To parse the ChatML formatted text back into structured messages:

import re

def parse_conversation(text):
    """Parse ChatML formatted text into messages."""
    pattern = r'<\|im_start\|>(user|assistant)\n(.*?)<\|im_end\|>'
    matches = re.findall(pattern, text, re.DOTALL)

    messages = []
    for role, content in matches:
        messages.append({
            'role': role,
            'content': content.strip()
        })
    return messages

# Create dataset
dataset_dict = OpenAssistantDatasetDict(
    tokenizer=None,
    chat_template="",  # Uses default ChatML template
    languages=['en'],
)

# Parse examples
for example in dataset_dict['train']:
    messages = parse_conversation(example['text'])
    for msg in messages:
        print(f"{msg['role']}: {msg['content'][:100]}...")
    break

See examples/conversation_parsing.py for a complete working example.

Implementation Details¶

Performance Optimization¶

The implementation uses several optimizations for high performance:

Custom fingerprinting: Avoids expensive dill pickling by hashing configuration parameters
Lazy split creation: Datasets are created only when accessed
Pre-indexed trees: Tree lookups use O(1) indexing instead of linear search
Streaming datasets: Uses IterableDataset for memory-efficient iteration

Performance metrics: - Dataset initialization: ~4 seconds (loads 13,854 trees) - Split creation: ~0.002 seconds (17,670x faster than naive implementation) - Example generation: <0.001 seconds per example

Tree Database¶

The TreeDatabase class provides efficient access to conversation trees:

Thread Generator¶

The ThreadGenerator class implements deterministic conversation sampling:

Deterministic Hashing¶

Python's built-in hash() is randomized for security.

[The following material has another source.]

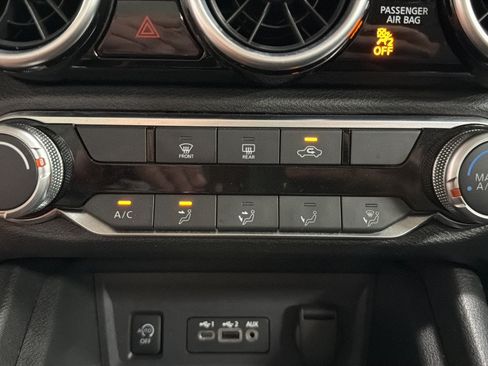 Used 2024 Nissan Sentra SV FWD image 29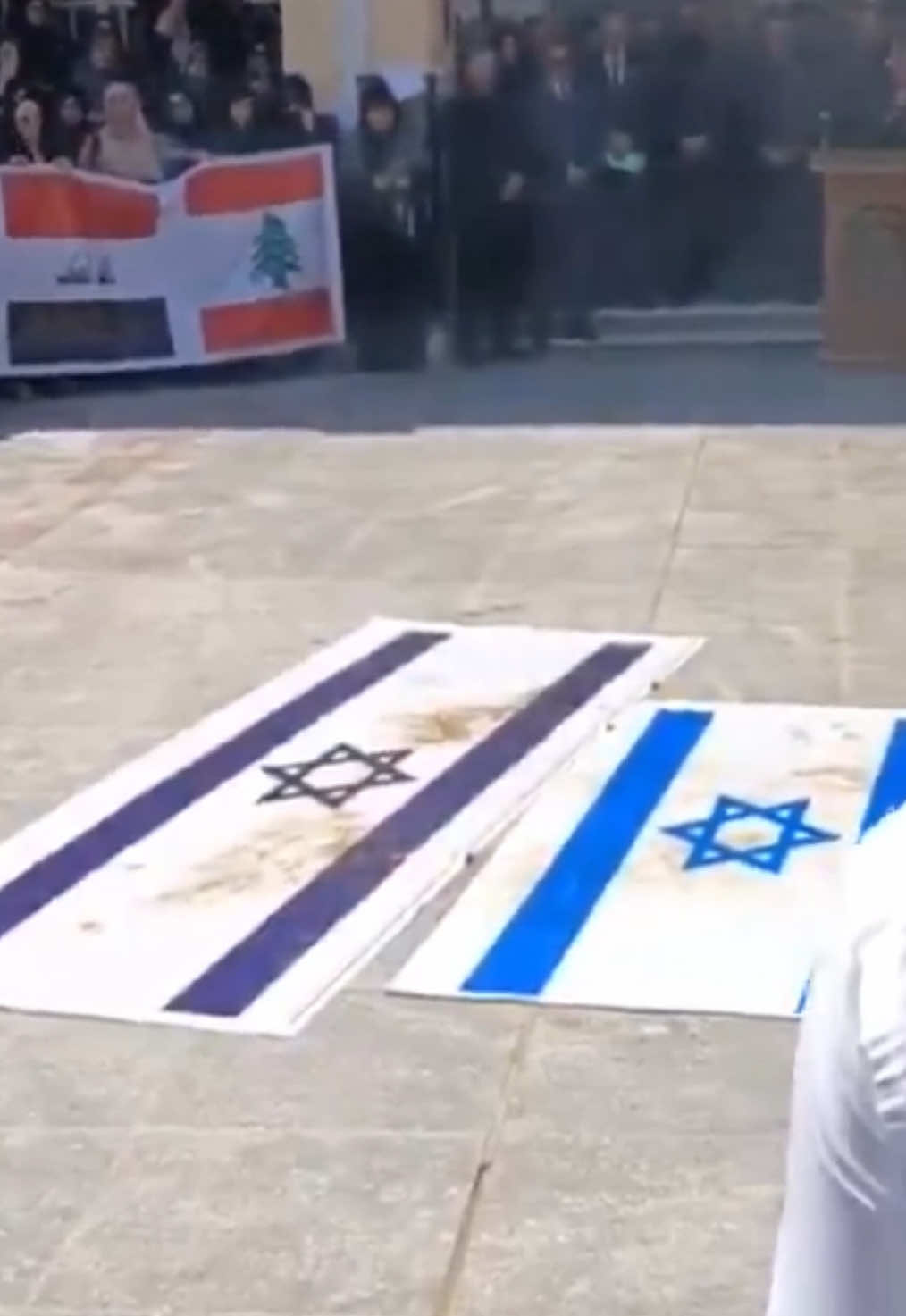 לבנונים רכשו דגלי ישראל ודגלי ארה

We use CRC32 for fast, deterministic hashing:

import zlib

def deterministic_hash(s: str) -> int:
    """Create deterministic hash using CRC32."""
    return zlib.crc32(s.encode()) & 0xFFFFFFFF

Configuration Parameters¶

OpenAssistantConfig¶

Parameter	Type	Default	Description
`input_file_path`	str	Auto-detected	Path to trees JSONL file
`cache_dir`	str	None	Cache directory for downloads
`languages`	List[str]	`['en']`	Languages to include
`min_quality`	float	None	Minimum quality threshold
`min_thread_length`	int	2	Minimum conversation turns
`max_thread_length`	int	7	Maximum conversation turns
`exclude_deleted`	bool	True	Exclude deleted messages
`exclude_synthetic`	bool	True	Exclude synthetic messages
`branch_temperature`	float	1.0	Branching randomness (higher = more random)
`seed`	int	42	Random seed for reproducibility
`val_split`	int	10	Validation split percentage
`test_split`	int	10	Test split percentage

OpenAssistantDatasetDict¶

Parameter	Type	Default	Description
`tokenizer`	PreTrainedTokenizer	None	HuggingFace tokenizer (for template args)
`chat_template`	str	""	Path to template file or empty for tokenizer's template
`**config_params`	-	-	All OpenAssistantConfig parameters

Dataset Statistics¶

Source: OpenAssistant 2023-11-05 release Total trees: 13,854 conversation trees Languages: 35+ languages (English is most common) Quality scores: Community-labeled quality ratings Average tree depth: ~3-5 turns Max tree depth: 15+ turns in some cases

Default split distribution (with 10% val, 10% test): - Train: ~11,083 trees (80%) - Validation: ~1,385 trees (10%) - Test: ~1,386 trees (10%)

Common Use Cases¶

Multi-language Training¶

# Train on English, Spanish, and German
forgather -t openassistant.yaml dataset \
    --languages en,es,de \
    --dataset-length 100000

High-Quality Subset¶

# Use only high-quality conversations
forgather -t openassistant.yaml dataset \
    --min-quality 0.7 \
    --min-thread-length 3

Experimentation with Small Datasets¶

# Quick testing with small dataset
forgather -t openassistant.yaml dataset \
    --dataset-length 1000 \
    --seed 42

References¶

OpenAssistant Project: https://github.com/LAION-AI/Open-Assistant
Dataset: https://huggingface.co/datasets/OpenAssistant/oasst2
Paper: "OpenAssistant Conversations - Democratizing Large Language Model Alignment (2023)"

License¶

The OpenAssistant dataset is released under Apache 2.0 license. This implementation is part of the Forgather framework.